* [Exercise brief]: Where a line of the material includes the string "Tough", copy that line.

* [Exercise data]:
• • • • • • •
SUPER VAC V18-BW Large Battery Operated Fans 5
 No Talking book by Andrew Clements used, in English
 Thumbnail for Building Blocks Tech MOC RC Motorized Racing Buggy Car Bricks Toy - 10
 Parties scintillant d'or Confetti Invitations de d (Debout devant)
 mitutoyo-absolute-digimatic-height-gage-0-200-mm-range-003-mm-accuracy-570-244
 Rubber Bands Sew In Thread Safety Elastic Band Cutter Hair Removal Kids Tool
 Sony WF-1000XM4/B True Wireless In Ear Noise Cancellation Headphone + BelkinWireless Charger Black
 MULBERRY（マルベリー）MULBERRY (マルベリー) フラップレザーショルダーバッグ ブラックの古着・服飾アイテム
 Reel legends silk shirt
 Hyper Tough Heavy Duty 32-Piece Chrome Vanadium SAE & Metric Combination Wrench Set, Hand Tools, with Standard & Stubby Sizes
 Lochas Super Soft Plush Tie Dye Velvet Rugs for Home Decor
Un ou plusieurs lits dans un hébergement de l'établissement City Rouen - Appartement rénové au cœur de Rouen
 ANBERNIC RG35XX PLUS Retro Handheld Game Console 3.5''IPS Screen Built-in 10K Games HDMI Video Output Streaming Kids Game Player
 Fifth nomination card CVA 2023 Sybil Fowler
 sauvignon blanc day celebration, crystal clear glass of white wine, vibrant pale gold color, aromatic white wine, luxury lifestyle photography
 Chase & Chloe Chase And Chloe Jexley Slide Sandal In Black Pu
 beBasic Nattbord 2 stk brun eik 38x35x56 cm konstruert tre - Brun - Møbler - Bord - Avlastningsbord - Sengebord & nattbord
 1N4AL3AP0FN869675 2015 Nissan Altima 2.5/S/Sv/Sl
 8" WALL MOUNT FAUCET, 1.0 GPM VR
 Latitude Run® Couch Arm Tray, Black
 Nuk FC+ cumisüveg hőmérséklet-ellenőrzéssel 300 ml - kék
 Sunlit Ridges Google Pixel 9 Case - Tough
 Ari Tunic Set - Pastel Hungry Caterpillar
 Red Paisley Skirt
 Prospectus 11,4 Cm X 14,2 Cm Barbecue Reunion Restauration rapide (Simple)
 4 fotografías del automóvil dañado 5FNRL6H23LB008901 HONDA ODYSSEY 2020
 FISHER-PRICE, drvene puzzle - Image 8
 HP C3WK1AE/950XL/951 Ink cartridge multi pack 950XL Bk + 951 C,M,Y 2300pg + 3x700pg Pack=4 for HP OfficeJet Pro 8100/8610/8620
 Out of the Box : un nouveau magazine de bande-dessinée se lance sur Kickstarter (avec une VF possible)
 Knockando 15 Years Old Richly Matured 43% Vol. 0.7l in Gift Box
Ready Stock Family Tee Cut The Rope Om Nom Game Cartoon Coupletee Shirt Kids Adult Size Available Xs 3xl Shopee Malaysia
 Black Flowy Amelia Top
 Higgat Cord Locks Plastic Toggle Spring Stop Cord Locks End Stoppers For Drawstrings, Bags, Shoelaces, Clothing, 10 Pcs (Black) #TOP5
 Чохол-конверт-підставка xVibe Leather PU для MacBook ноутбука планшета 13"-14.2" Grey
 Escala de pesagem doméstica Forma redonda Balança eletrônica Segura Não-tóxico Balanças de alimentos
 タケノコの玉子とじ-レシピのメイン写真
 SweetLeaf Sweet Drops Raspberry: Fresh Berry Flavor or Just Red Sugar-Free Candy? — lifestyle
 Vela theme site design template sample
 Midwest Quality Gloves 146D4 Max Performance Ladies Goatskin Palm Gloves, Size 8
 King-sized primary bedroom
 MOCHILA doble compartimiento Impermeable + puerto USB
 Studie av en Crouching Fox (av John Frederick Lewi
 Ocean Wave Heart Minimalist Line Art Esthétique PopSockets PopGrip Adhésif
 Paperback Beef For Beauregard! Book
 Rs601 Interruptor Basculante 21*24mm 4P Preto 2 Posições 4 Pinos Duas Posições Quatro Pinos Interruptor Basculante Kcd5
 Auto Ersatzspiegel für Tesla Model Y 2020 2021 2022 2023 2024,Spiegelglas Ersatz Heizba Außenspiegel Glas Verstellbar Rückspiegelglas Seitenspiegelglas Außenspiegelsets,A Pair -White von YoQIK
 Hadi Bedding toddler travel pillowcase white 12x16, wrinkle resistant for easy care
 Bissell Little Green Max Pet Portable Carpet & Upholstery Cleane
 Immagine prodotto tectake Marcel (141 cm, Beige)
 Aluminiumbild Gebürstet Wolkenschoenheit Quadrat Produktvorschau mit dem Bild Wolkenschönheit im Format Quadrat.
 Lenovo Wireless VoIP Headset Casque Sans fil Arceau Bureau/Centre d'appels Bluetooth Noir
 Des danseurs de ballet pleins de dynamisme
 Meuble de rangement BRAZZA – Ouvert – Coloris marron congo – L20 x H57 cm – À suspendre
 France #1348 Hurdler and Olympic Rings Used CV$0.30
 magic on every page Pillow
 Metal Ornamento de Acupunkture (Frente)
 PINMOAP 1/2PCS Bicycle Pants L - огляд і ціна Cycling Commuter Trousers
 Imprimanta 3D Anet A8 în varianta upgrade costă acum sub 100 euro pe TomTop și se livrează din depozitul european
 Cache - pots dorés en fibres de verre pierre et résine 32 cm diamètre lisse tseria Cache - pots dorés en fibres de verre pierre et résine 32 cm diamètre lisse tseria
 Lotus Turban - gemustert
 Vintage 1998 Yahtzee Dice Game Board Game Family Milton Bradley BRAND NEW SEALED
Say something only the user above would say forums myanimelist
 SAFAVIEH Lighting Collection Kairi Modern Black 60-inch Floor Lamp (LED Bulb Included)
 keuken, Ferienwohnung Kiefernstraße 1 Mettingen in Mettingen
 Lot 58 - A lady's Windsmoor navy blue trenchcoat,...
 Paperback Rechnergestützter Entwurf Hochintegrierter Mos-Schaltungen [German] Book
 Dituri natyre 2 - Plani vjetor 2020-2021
• • • • • • •
* [Reply]:
 Hyper Tough Heavy Duty 32-Piece Chrome Vanadium SAE & Metric Combination Wrench Set, Hand Tools, with Standard & Stubby Sizes
 Sunlit Ridges Google Pixel 9 Case - Tough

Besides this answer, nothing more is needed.